COMP 200 Elements of Computer Science &
COMP 130 Elements of Algorithms and Computation
Spring 2012

Practice with Nested Data Structures

For your current assignment, you'll be building and using Markov chains, which we are representing with dictionaries that have keys that are tuples of strings and values that are also dictionaries. Those inner dictionaries, in turn, have keys that are strings, and values that are percentages. As examples, we posted the 1st- and 2nd-order Markov chains built from Johnny B. Goode and Eight Days a Week.

Before, we have also seen lists of tuples, and COMP 130 students have used lists of lists.

But, a Markov chain is the most complicated data structure we've used so far in this course. It is easy to get overwhelmed working with complicated data structures, so today we will get some practice working with them.

While these exercises introduce very little that is brand new, you will likely find them challenging. They work with more complicated data, and require some thought to break into smaller pieces.

Today's Example Data Structure

As a similar example, we will model dictionaries. No, not what Python calls a dictionary — something that gives meanings of English words.
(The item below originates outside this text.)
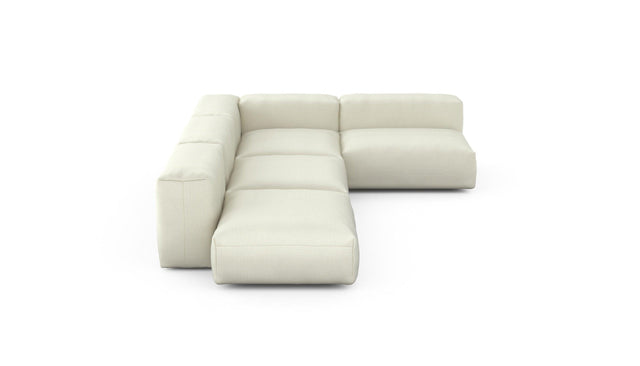 Preset four module corner sofa - pique - creme - 220cm x 346cm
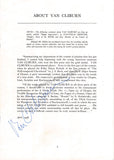 Cliburn, Van - Signed Program London 1958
We could use just a Python dictionary. Each key would be a word, and the associated value would be the corresponding meaning. That intuition is the idea behind the name of Python dictionaries. But, it misses out on two important ideas that we want to capture. First, a word can be used as different parts of speech. For example, “bug” can be a noun or a verb. It's meaning naturally differs for each part of speech. Second, a word can have multiple meanings, even for the same part of speech. For example, “bug” as a noun can be a kind of animal, or a mistake.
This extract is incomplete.